Before anything else, thank you. We are honored that you're even considering contributing to DataCleaner.
This guide will help you get started with DataCleaner's development environment. You'll also find the set of rules you're expected to follow in order to submit improvements and fixes.
Our issue list is avialable on GitHub: DataCleaner issues. It's non-exhaustive and anyone is invited to post their own wishes and requirements as issues.
We generally use these communication tools to discuss features:
- The issue list itself. We want you to comment on it, post new issues etc.
- The online DataCleaner discussion forum. Especially if it is more of a question or a use case issue rather than a bug or technical feature description.
Fork and clone the repository:
> git clone https://github.com/datacleaner/DataCleaner.git DataCleaner
Try your first build:
> cd DataCleaner
> mvn clean install
Please use our issue list to report issues and ideas that you might work on. This is a great way to bounce ideas and get input to your contributions.
When submitting your patch, keep in mind that it should be easy for others to review. Therefore consider:
- Don't change spaces to tabs or stuff like that. Clean up your patch so that it is readable.

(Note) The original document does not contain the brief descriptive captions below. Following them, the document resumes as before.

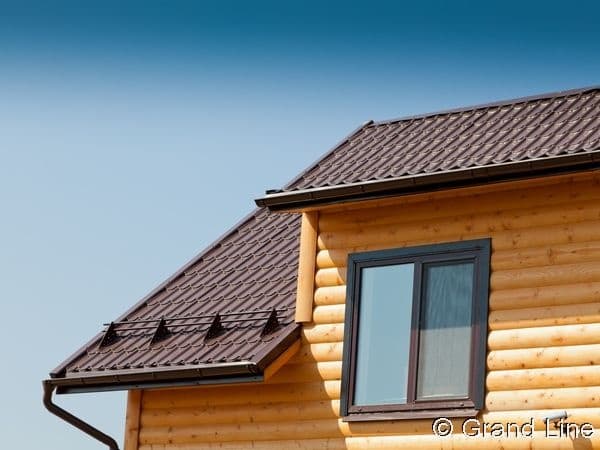 Снегозадержатель Grand Line (Гранд Лайн) Optima, трубчатый универсальный для металлочерепицы и мягкой кровли 3.0 м, цвет RAL 9005 (глубокий черный)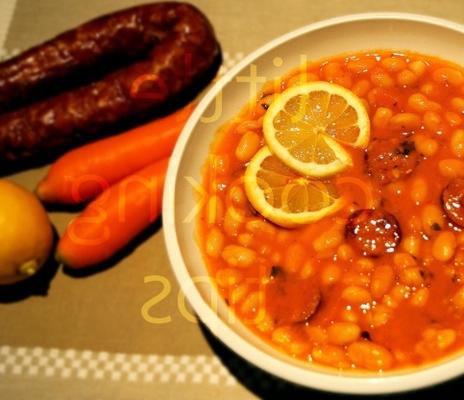 délicieuse soupe aux haricots avec saucisse épicée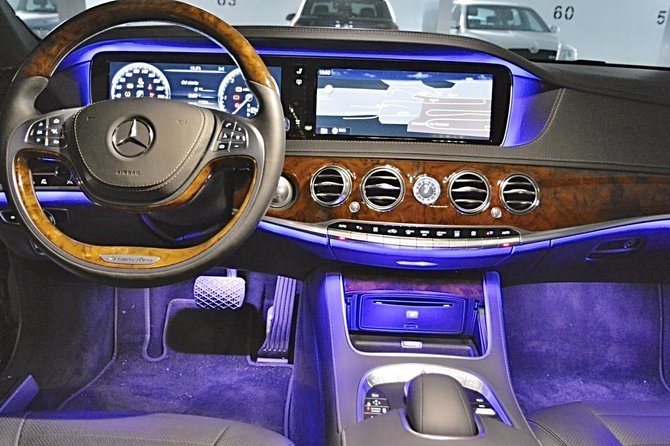 Prague airport luxury transfer by a Mercedes Benz S class - A private 30-minute ride into Prague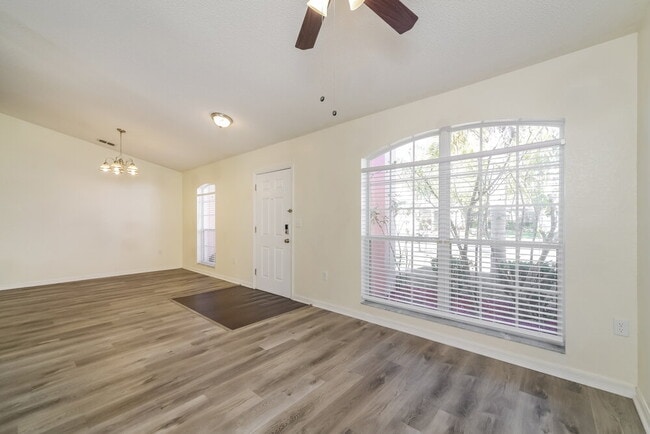 Photo - 7172 Summit Dr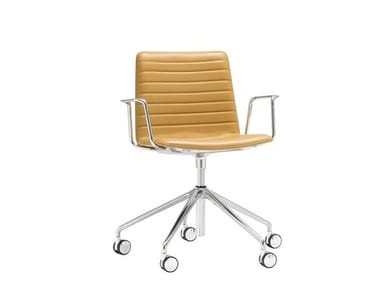 FLEX HIGH BACK SO1659 - Upholstered office chair with armrests with 5-Spoke base (Request Info).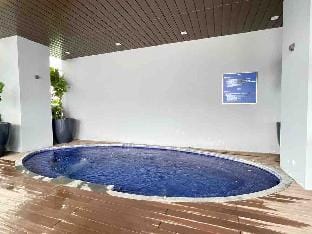 Azure, Spacious,Chiropractic Bed, Paradigm,KL View Apartment in Petaling Jaya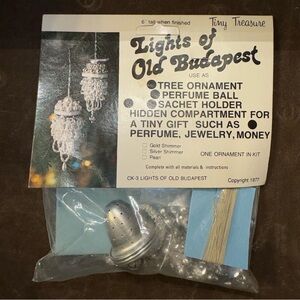 NEW 1977 Tiny Treasure Lights of Old Budapest hidden compartment ornament DIY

- We prefer you to post your patch as a GitHub Pull Request, and if possible please mention any relevant issue numbers in the Pull Request description.

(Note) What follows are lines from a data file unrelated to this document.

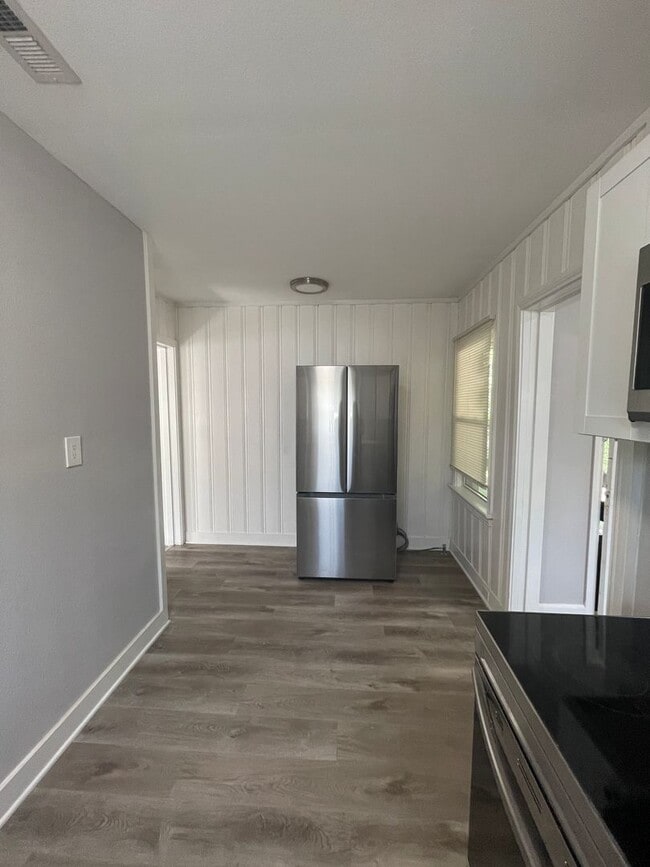 Building Photo - 2 bedroom 1 Bath House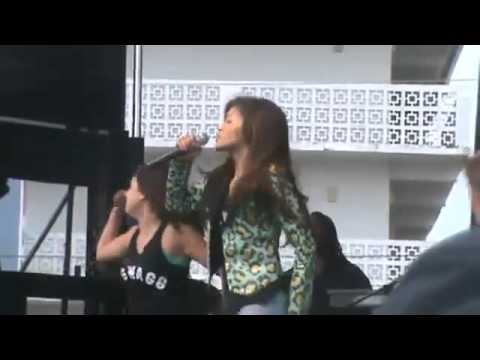 Zendaya SingingSwag It Out LIVE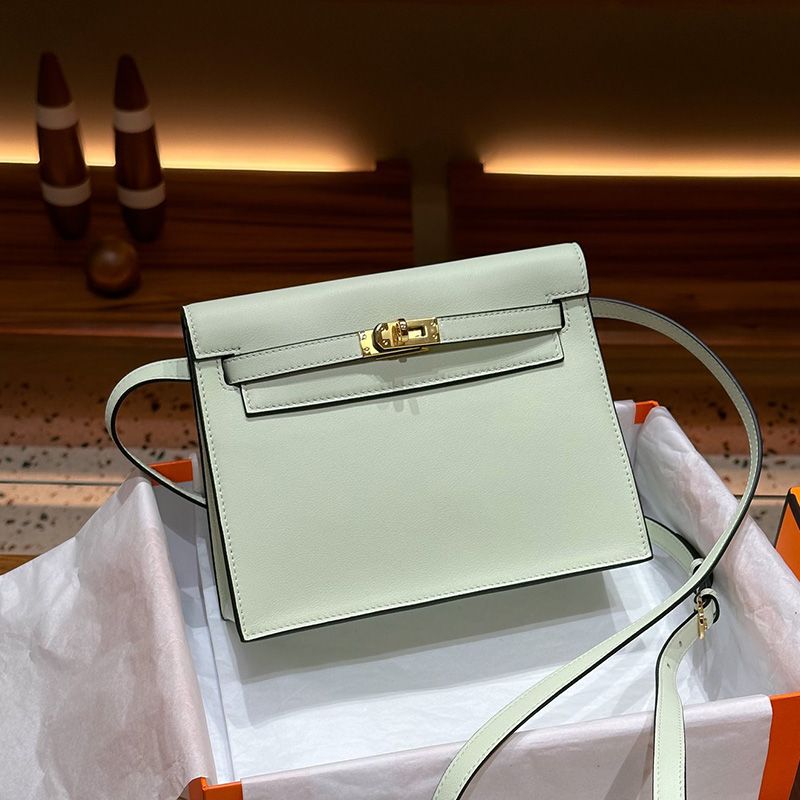 Hermes Kelly Danse Bag Swift Leather Gold Hardware In Mint Green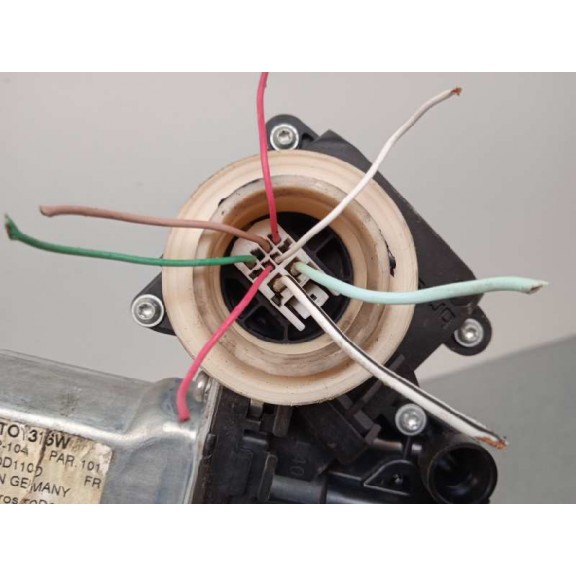 Recambio de elevalunas delantero izquierdo para toyota yaris 1.0 cat referencia OEM IAM 857020F010 857200D110 7 CABLES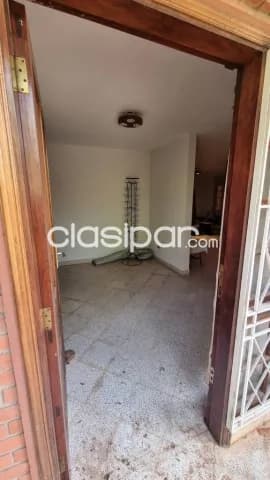 Amplia casa en esquina 3 dormitorios Mariano Roque Alonso, foto 3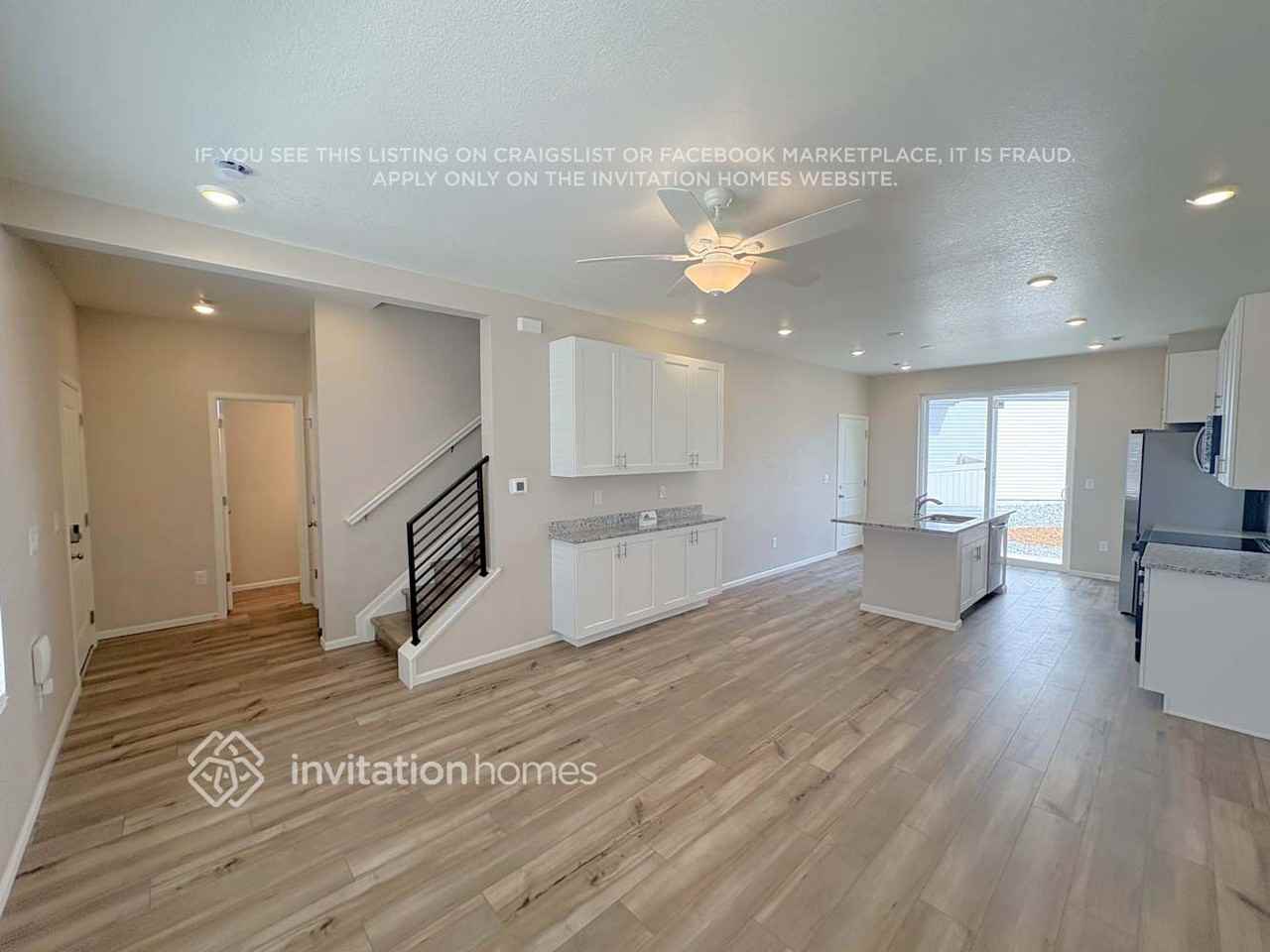 3369 Streamwood Dr - Photo 2 of 9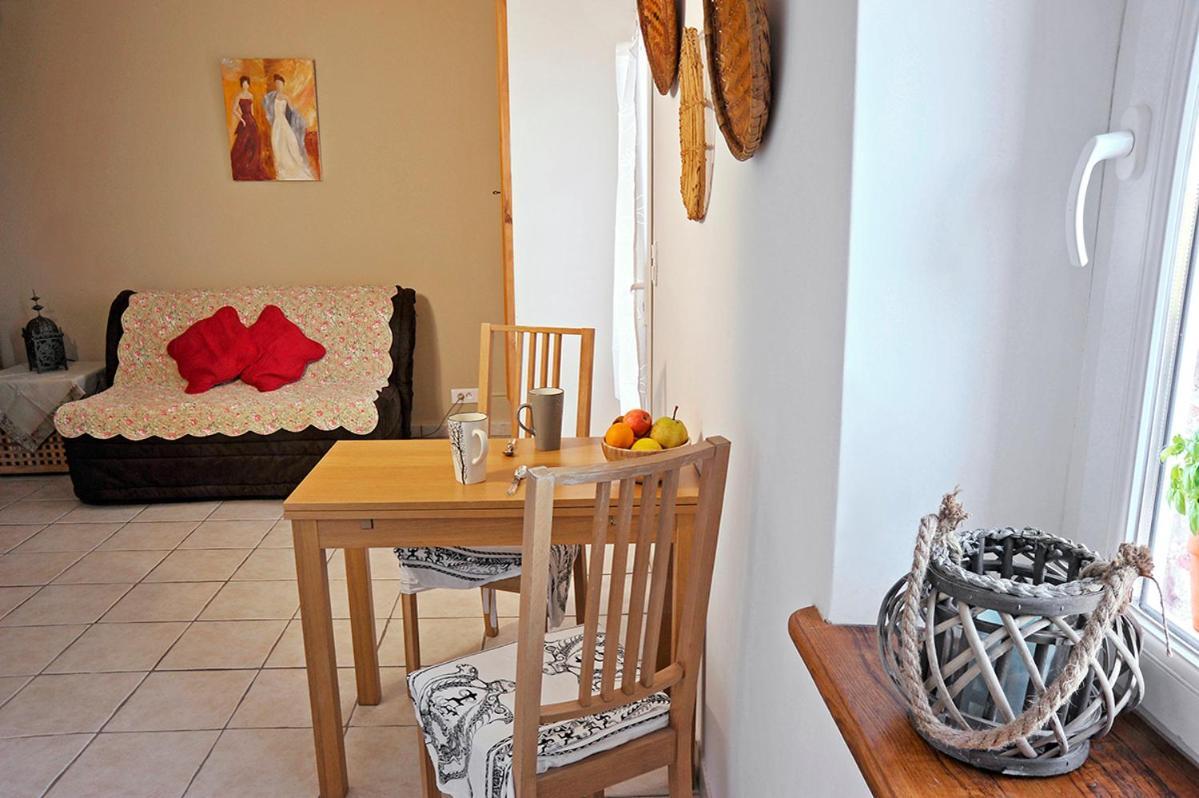 Bed And Breakfast La Maison De Nathalie Les Mayons Kültér fotó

- If a Pull Request is NOT possible for whatever reason, use "git diff" to make a .diff file and post it as a Gist or something else, and add a comment with a link to the diff on the relevant issue.
Your patches receive extra points if there's a good set of unittests with it. If you're contributing a core utility/service/function then it is a requirement.

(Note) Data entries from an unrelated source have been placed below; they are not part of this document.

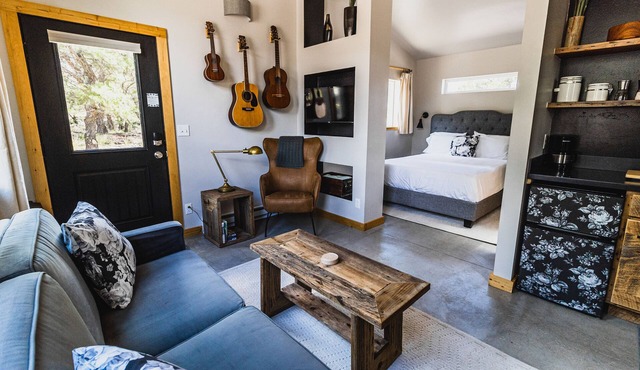 Suite w/Views: "Beautifully styled and so cozy!"
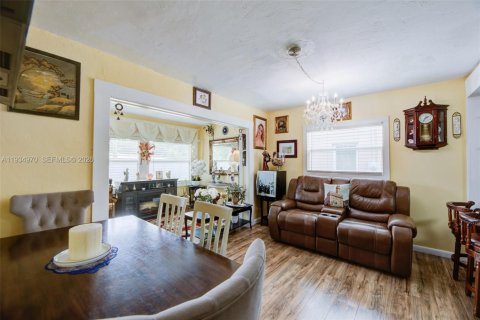 Casa en venta en Miami, Florida, 2 dormitorios, 74.88 m2 № 2002295 - foto 5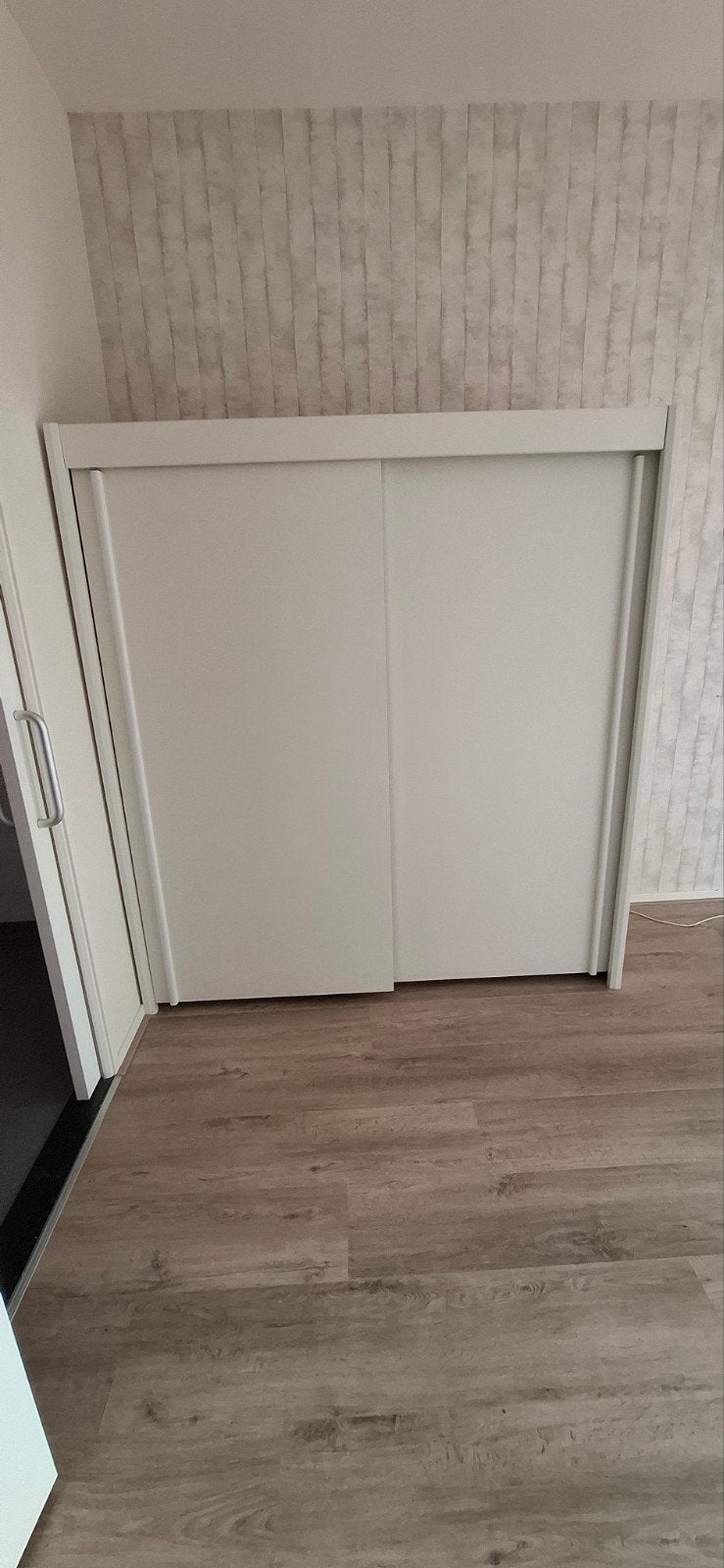 Zweefdeur kledingkast, Huis en Inrichting, Kasten | Kledingkasten, Met deur(en), 100 tot 150 cm, 100 tot 150 cm, Nieuw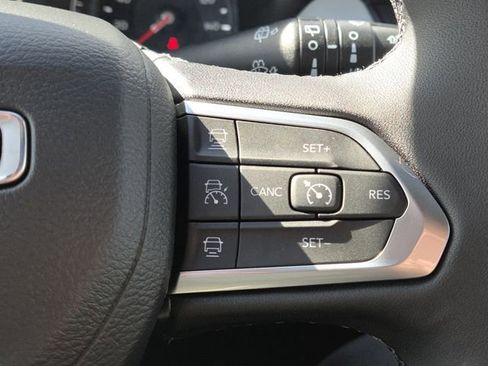 Used 2026 Jeep Compass Limited AWD/4WD image 12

That said, especially the UI aspects (Swing or web frontend) are generally accepted as "not always feasible to test".
By default the build will include all self-contained tests, including some quick integration tests.
If you plan on submitting code, read this carefully. Please note it is not yet complete.
Our code style looks a lot like any other Java coding guidelines. Distinctive choices though:
- We format indentation using spaces, not tabs. We use 4 spaces for each indentation.
- We often prefix instance variables with an underscore (_). This to easily distinguish between method local and instance variables, as well as avoiding the overuse of the 'this' keyword in e.g. setter methods.
- We format line wrapping using a desired max line length of 120 characters.
- When possible, we tend to like the "final" keyword. This makes for more robust code and immutability is especially important in batch processing applications like DataCleaner.